→ **EXERCISE AIM**: With pictures excluded, repeat exactly the lines from the one containing "Toner for Xerox" through the last line of the material below.

→ **EXTRACTED ENTRIES**:
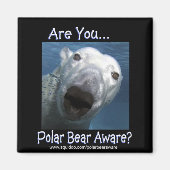 are_you_polar_beer_aware magneet (Voorkant)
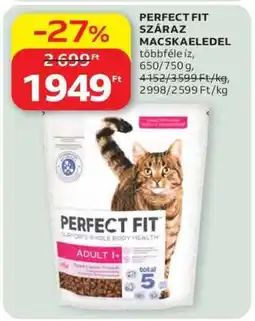 Auchan Perfect Fit száraz macskaeledel ajánlat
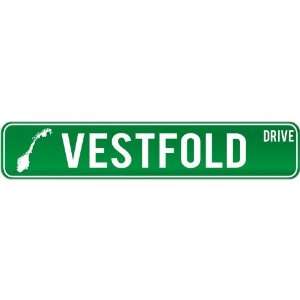  New  Vestfold Drive   Sign / Signs  Norway Street Sign 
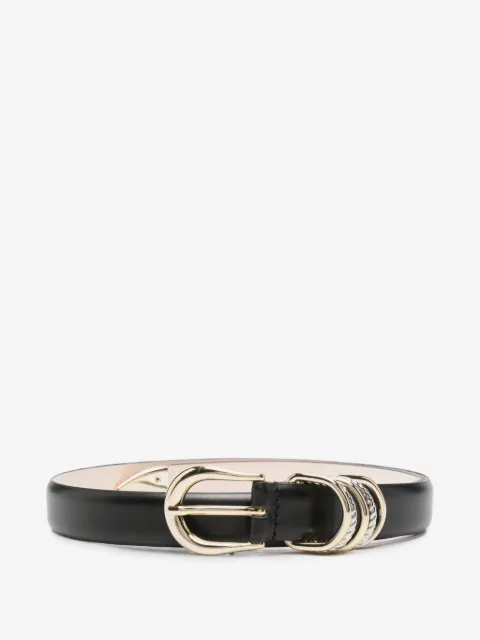 Déhanche Helica  leather belt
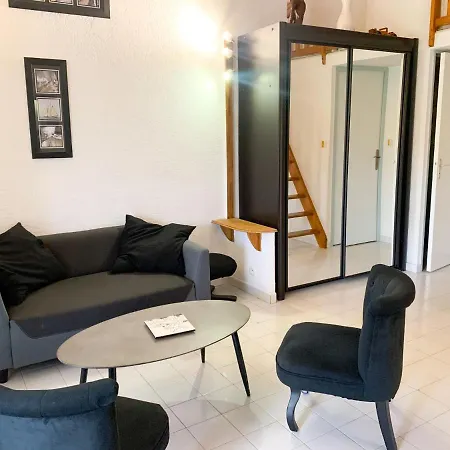 Les Cristallines-4 By Interhome * Agde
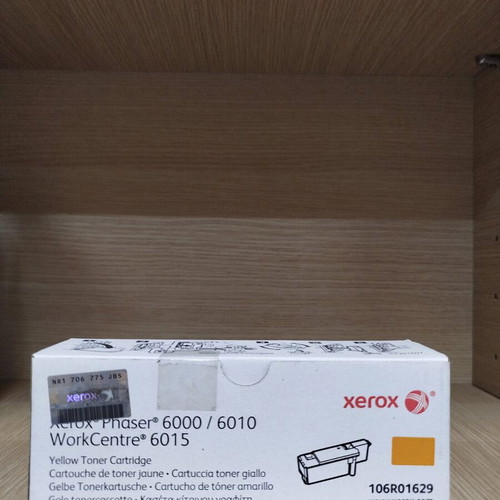 Toner for Xerox Phaser 6000/6010 WorkCentre 6015 new yellow (106R01629)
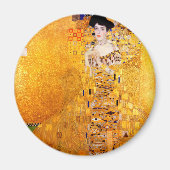 Aimant Gustav Klimt Portrait d'Adele Bloch-Bauer I (Devant)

→ **RESULT OF THE TASK**:
 Toner for Xerox Phaser 6000/6010 WorkCentre 6015 new yellow (106R01629)
 Aimant Gustav Klimt Portrait d'Adele Bloch-Bauer I (Devant)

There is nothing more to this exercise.